I spent some spare time looking into this issue and luckily found a workaround. Just want to re-state my disclaimer here.

Disclaimer: PEAKS does not officially support any OS other than Windows as of the time I am writing the post. The software may not be fully functional. Activating the software on OS X or Linux will consume the license, which means the same license can not be used again. I strongly recommend only following the steps to configure PEAKS Viewer (the unlicensed Studio) on OS X or Linux for PEAKS result sharing and presentation purposes.

Basically what happened here is that PEAKS 7 has some sizing issue with the Auqa look and feel from Apple Mac OS X. The workaround is to change the look and feel to a cross-platform one that Apple also support. To make things easier, I have put a modified version of the jar file here. And here are the steps:
  1. Check the version of PEAKS. Go to Help -> About PEAKS. In the dialog, you should see the build number, e.g. build 20131119. This build number must match the number in the downloaded jar file in the above link.
  2. Close PEAKS.
  3. Download the jar file and replace the peaksstudio.jar in the PEAKS directory with this one.
  4. Start PEAKS and now the PEAKS DB search results can be opened. 

Enjoy PEAKS and happy sharing!

Thursday, January 9, 2014

De Novo Sequencing using Spectral Pairs or Triplets

PEAKS supports de novo sequencing using spectral pairs or triplets that are generated using different fragmentations. This is a feature introduced in PEAKS 7. Here is the poster that briefly described the method.

To use this function, simply specify the fragmentation mode as 'Mixed' during project creation, PEAKS will then automatically detect spectral pairs or triplets when doing de novo sequencing.

There are a few things to watch out though. When the fragmentation mode is set to 'Mixed', PEAKS will try to get this information from the data for each individual spectra. From the many datasets we have tested, this is generally not a problem for Thermo raw files. Other formats, especially some in-house generated XML files(e.g. mzXML, mzML) may be problematic as they either do not include the fragmentation mode information at all or PEAKS won't be able to retrieve the information for various reasons. In this case, PEAKS will ignore those spectrum, thus generating empty de novo sequencing results.
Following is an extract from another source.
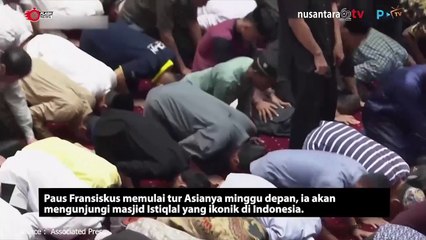 Imam Besar masjid ikonik Indonesia menyambut antusias kunjungan Paus Fransiskus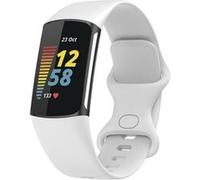 Strap-it Bracelet silicone - compatible pour Fitbit Charge 5 (blanc) G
When the fragmentation mode information is available, the spectral pairs or triplets will be formed if the spectrum are from the same precursor ion in the same MS scan. The de novo sequencing result from a pair or triplet will be presented in a single row in the peptide table. The spectrum annotations for different fragmentation mode will be stacked vertically on the screen.

If you click the 'All candidates' button, all the calculated de novo sequences will be displayed in a pop up window. You can then click on those sequences to examine the spectrum annotation from individual fragmentation mode.

In the above example, although PEAKS has figured out the correct sequence using any one of the fragmentation mode, the confidence of the sequence from the triplet is much better.